Urban Mesh: Exploring Data, Biological Processes and Immersion in the Salmon People

Urban Mesh: Exploring Data, Biological Processes and Immersion in the Salmon People

Prophecy Sun, Kristin Carlson, Jim Bizzocchi and Thecla Schiphorst / Argentina, Chile, Colombia
National University of Tres de Febrero, University of Chile Collaboratory – ParqueExplora
Paper
pdsun@sfu.ca, kca59@sfu.ca, jimbiz@sfu.ca, thecla@sfu.ca

Information systems are continually recontextualizing data, migration patterns, biological components and processes, between life and code. As Geographer Eugene Thacker states, these systems can be scientific, or many things, with lasting effects that are cultural, social, and political. As these systems evolve and grow, so to do the artworks created in the afterglow, becoming vital reflections of our contemporary algorithmically soaked culture. This paper examines these ideas alongside the Salmon People, a video and sound installation thematically concerned with the shared dark ecologies of nonhuman and human animals. The large format projections present a triptych of migrating sockeye salmon across urban landscapes. The prolific artwork purposefully utilizes scale, and multilayered visual fields, to push audiences to consider our shared ecologies. Like information flowing through high tech super highways, sockeye salmon definitely negotiate seen and unseen geographies, technologies, politics, and cultures. In order to understand the artworks content, sequences and layout, as well as the logic of the shot selections, we conducted a close reading analysis of the installation. We suggest that the work is generative and claim that the projections are made up of 9 videos playing concurrently in 3 large vertical panels. This paper examines these ideas, asking the questions: What role does the screen play in the design of this artwork? What are the types of audience immersion and interaction?
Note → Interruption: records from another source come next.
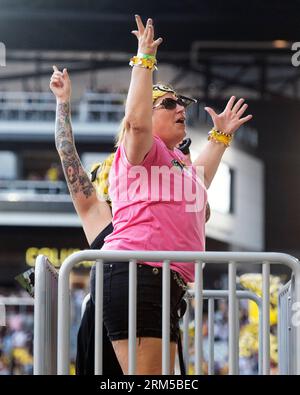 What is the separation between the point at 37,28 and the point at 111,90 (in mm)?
1781

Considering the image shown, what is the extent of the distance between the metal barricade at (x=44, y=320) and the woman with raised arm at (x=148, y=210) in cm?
16

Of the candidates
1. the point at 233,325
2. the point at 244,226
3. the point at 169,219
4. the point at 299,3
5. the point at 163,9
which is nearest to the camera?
the point at 233,325

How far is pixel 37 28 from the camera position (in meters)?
16.2

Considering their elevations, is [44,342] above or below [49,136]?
below

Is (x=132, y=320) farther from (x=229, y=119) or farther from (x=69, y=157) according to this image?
(x=229, y=119)

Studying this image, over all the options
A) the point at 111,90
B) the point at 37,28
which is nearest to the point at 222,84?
the point at 111,90

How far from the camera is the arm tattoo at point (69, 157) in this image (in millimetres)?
3086

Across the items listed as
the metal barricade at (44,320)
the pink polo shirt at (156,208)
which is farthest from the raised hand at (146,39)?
the metal barricade at (44,320)

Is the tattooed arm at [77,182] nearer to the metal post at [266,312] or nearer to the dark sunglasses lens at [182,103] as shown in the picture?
the dark sunglasses lens at [182,103]

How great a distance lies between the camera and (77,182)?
3098 millimetres

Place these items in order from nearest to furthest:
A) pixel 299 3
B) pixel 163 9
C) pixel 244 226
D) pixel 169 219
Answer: pixel 169 219, pixel 299 3, pixel 163 9, pixel 244 226

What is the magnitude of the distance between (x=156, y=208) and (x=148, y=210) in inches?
0.8

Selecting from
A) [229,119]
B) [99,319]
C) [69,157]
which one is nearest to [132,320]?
[99,319]

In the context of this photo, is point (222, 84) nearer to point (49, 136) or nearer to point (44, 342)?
point (49, 136) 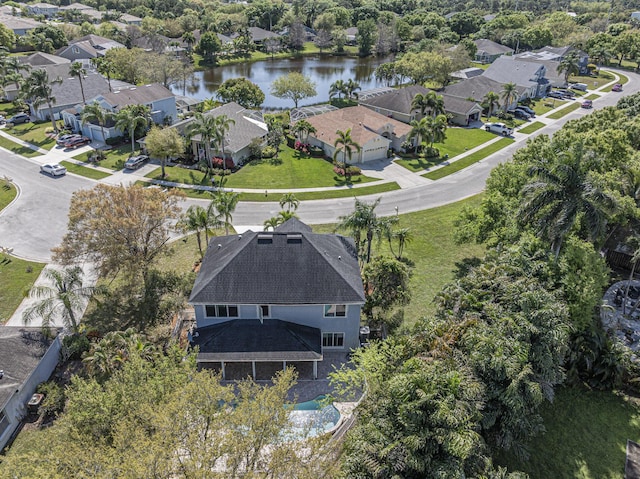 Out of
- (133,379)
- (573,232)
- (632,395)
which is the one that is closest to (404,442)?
(133,379)

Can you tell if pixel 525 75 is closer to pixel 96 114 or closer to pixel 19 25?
pixel 96 114

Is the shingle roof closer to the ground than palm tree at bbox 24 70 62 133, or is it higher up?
closer to the ground

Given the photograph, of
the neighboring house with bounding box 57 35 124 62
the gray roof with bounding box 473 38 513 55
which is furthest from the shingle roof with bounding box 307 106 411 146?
the gray roof with bounding box 473 38 513 55

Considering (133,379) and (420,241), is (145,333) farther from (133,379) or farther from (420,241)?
(420,241)

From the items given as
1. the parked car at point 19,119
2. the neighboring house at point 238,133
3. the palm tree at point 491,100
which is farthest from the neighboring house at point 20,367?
the palm tree at point 491,100

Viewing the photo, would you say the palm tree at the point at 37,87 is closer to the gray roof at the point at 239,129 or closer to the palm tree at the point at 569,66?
the gray roof at the point at 239,129

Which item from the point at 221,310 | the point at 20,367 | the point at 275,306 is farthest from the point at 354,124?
the point at 20,367

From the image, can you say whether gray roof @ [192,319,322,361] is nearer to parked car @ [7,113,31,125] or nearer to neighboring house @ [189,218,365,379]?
neighboring house @ [189,218,365,379] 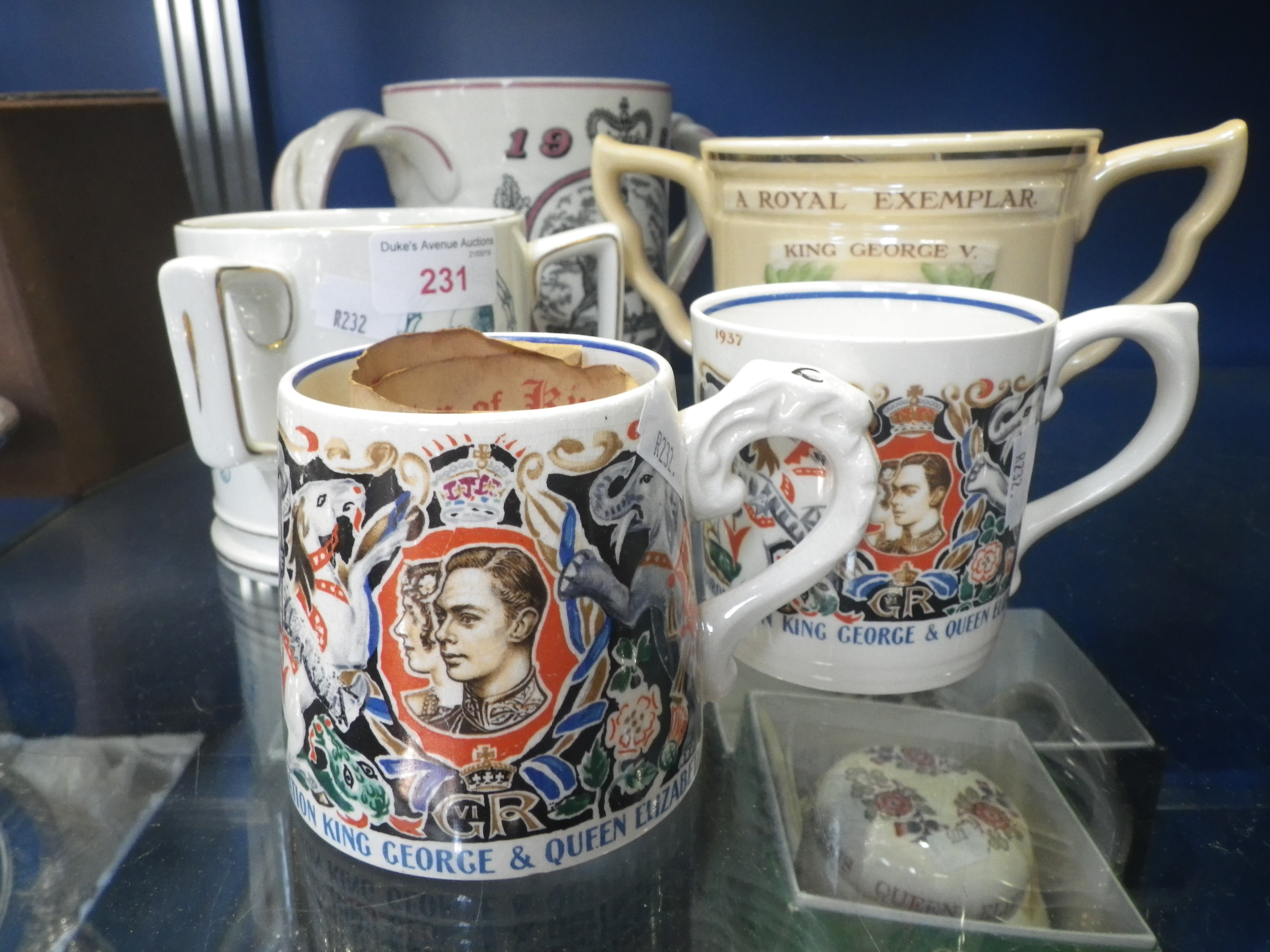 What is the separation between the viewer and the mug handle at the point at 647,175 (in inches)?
19.7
Finally, we address the work on three levels: the structural, the narrative, and the immersive. The structural level identifies the key frames, and any overlapping frames. The narrative level investigates the 3 vertical panels in relation to story parameters such as plot and storyworld. The immersive level considers how the audience oscillates between a heightened state of immediacy and hypermediation.